Wednesday, May 6, 2026

Kelly Suing LSU for Full $53M Buyout After Refusing Settlement Offers

LSU informed Kelly he has not been “formally terminated” and argues he was fired “for cause,” which means it wouldn’t owe the full number of his buyout.

Nelson Chenault-Imagn Images

Former LSU head coach Brian Kelly has filed a lawsuit against LSU to force the university to pay the full $53 million worth of his buyout after being fired Oct. 26, according to a copy of the complaint obtained by Front Office Sports.

ESPN first reported the news of the lawsuit.

The lawsuit, filed in the 19th judicial district court for the Parish of East Baton Rouge, says that LSU informed Kelly that it has taken the position that he has not been “formally terminated,” and that it was going to argue that he was fired “for cause”—meaning it wouldn’t owe him his $53 million buyout.

Kelly’s lawyers are seeking “a declaratory judgment confirming that LSU’s termination of Coach Kelly is without cause and that Coach Kelly is entitled to receive the full liquidated damages provided for” in his contract.

A representative for the LSU athletic department told FOS the school did not have a comment at this time.

Kelly was fired after a lopsided loss to Texas A&M in late October. He is owed a $53 million buyout, payable in equal monthly installments of about $800,000, per his contract. Though he does have a duty to mitigate and an offset clause—meaning that he’s required to look for another job—and that LSU will owe him only the difference between the buyout and his new salary.

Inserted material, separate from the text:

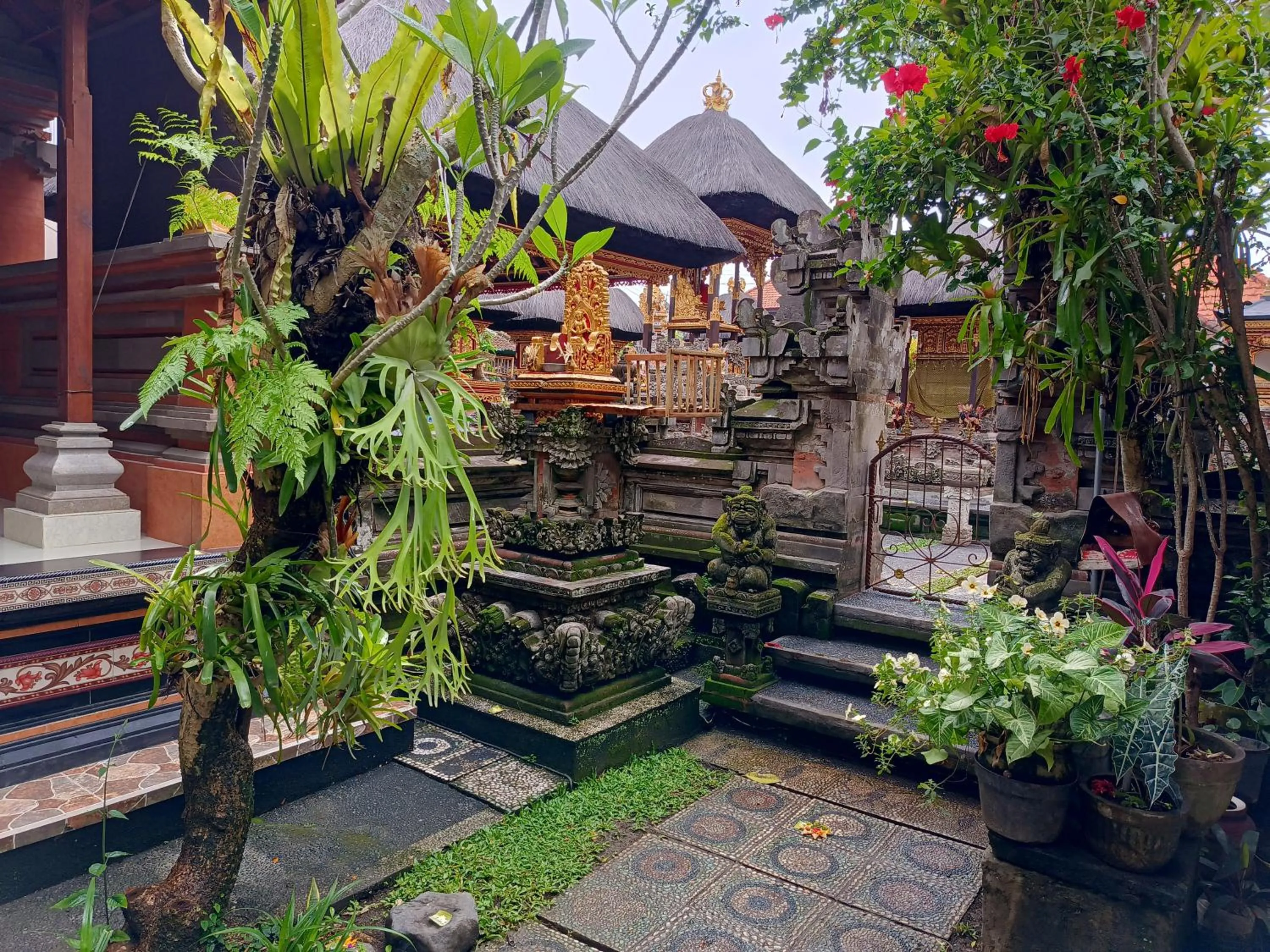 Garden view in Nyoman House Ubud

However, the buyout is theoretically owed only if Kelly was fired “without cause.” The buyout is not owed if he was fired “for cause,” which does not include whether he coached a winning team. His contract details the definition of for cause, which includes things like being convicted of a crime, committing “serious misconduct,” or “failing promptly to report any such material or substantial violation by another person to the Director of Compliance.”

If LSU wanted to fire Kelly “for cause,” it would have gone through a process outlined in his contract beginning with a written notice to him seven days in advance, according to the complaint, which it allegedly did not do.

Upon firing Kelly, LSU said in a statement that it was working on a separation agreement—implying that Kelly might agree to take a smaller portion of his $53 million buyout in a lump sum rather than wait for the full $53 million through monthly installments. The day Kelly was fired, the school offered Kelly lump-sum payments of $25 million and $30 million, the lawsuit said (and was previously reported by The New Orleans Advocate). Kelly rejected them, but said “he remained open to any additional offers that LSU would like to make to amend its liquidated damages payment obligations by accelerating payments and/or eliminating the mitigation and offset provisions of the Agreement.”

LSU held a call with Kelly on Nov. 10 and told him that he “had not been formally terminated” and that it “believed grounds for termination for cause existed,” court documents said. Kelly’s representatives disputed the claims in the meeting that he was terminated for cause (and, in the court filing, cited multiple instances where it had been made clear to Kelly privately and publicly that he had, in fact, been fired). 

The lawsuit also included communications from Kelly’s legal representatives to LSU representatives alleging that Kelly was told someone from the governor’s office would be reaching out to Kelly to discuss the terms of his buyout. The revelation is significant in that it suggests yet another layer to the involvement of Gov. Jeff Landry, who inserted himself into Kelly’s firing and opined on the coaching search—comments that ended with the exit of athletic director Scott Woodward. (Current AD Verge Ausberry disputed this claim in an email attached to the court filing.)